求められる企業のリスクマネジメント体制の確立

人々においては、実態を見据えて意識の転換を図るなどの対応が求められよう。一方、企業には、より一層強力なリスクマネジメント体制の確立が求められよう。

まず、一つ目は、企業内に「リスクマネジメント専任者」を置き、多様化・複雑化するリスクを総合的に捉えることが必要である。その際には、前述の訴訟リスクの事例にみられるように、弁護士との関わりがより強く求められよう。

二つ目は、「コンティンジュンシー・プラン(不測事態に対応する計画)」に関するチームを常設し、為替からエイズなどまで企業が陥る不測事態を常に予測・準備し、計画をたてることが求められる。このチームは、日本の企業ではほとんどもっていないが、米国ではもっている企業が多い。

三つ目は、「マニュアル化」を推進すること。日本は以心伝心の文化的土壌があり、マニュアル化が得意ではない。何か起きたときに頼れるのはマニュアルである。
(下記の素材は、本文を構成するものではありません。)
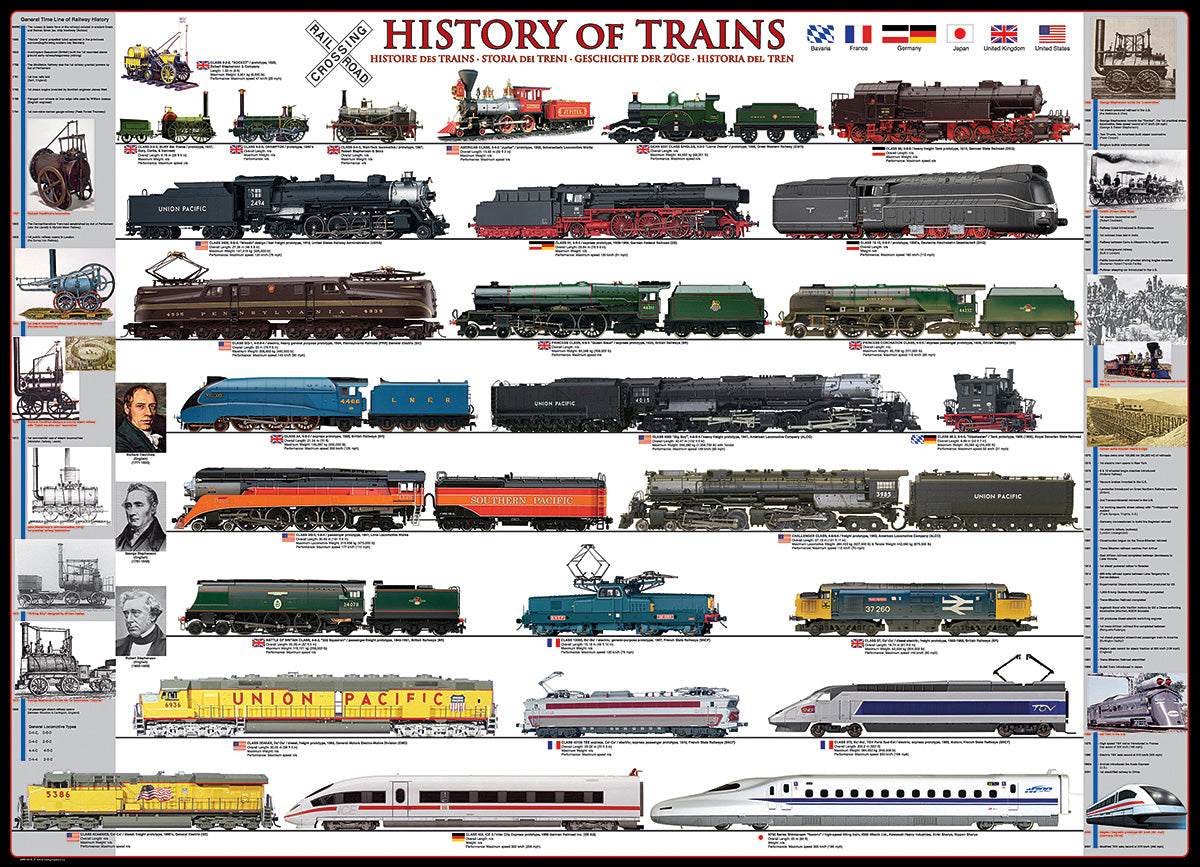 History Of Trains 1000-piece Puzzle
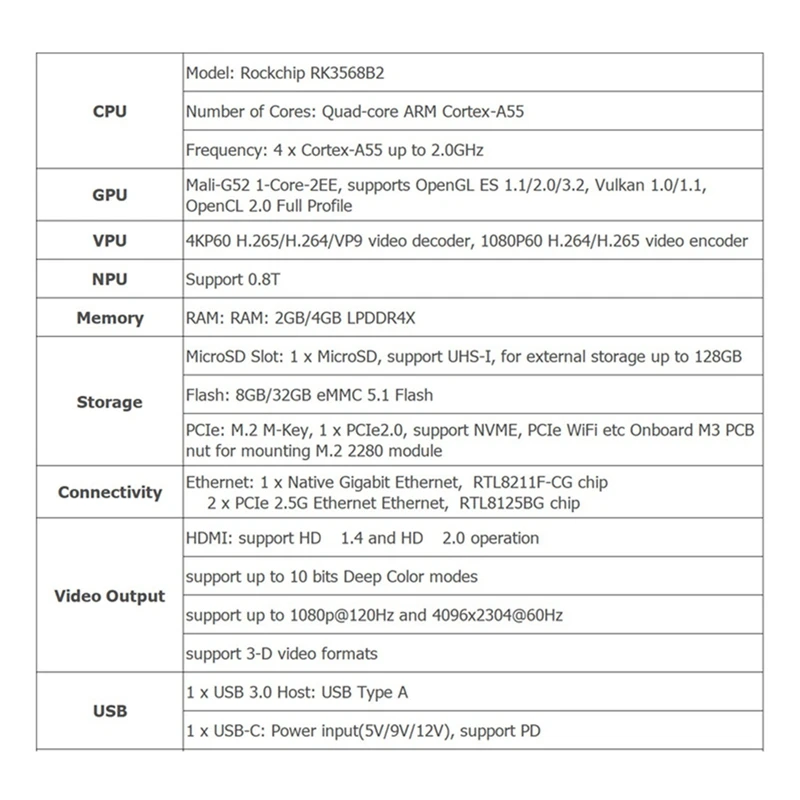 Nanopi R5S Router Dual 2.5G+Gigabit Mini Development Board CNC All Metal Housing RK3568 WIFI6-Y41A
日本では、とかく、個人の裁量によるカイゼン・カイリョウで物事を進める傾向があるが、これも時と場合である。

四つ目は、「保険」の有効活用。日本では世帯への生命保険の普及はきわめて高いが、企業のリスクに対応する方策としては必ずしも有効に用いられているとは言い難い。

そして、最後は、「リダンダンシー。」余裕とか重複思想といわれるものが必要である。言い換えれば、Aが駄目ならBという発想や、建築物の強度に余裕を持たせるということである。航空機の設計はこうした発想に基づいている。首都移転の考え方、東京が駄目なら那須へという発想もこれに近い。重複的に機能を置くことである。ただし、これは、一方では大いなる無駄につながる。その意味で、線引きは非常に難しいが、リスクマネジメントの観点からの検討が重要である。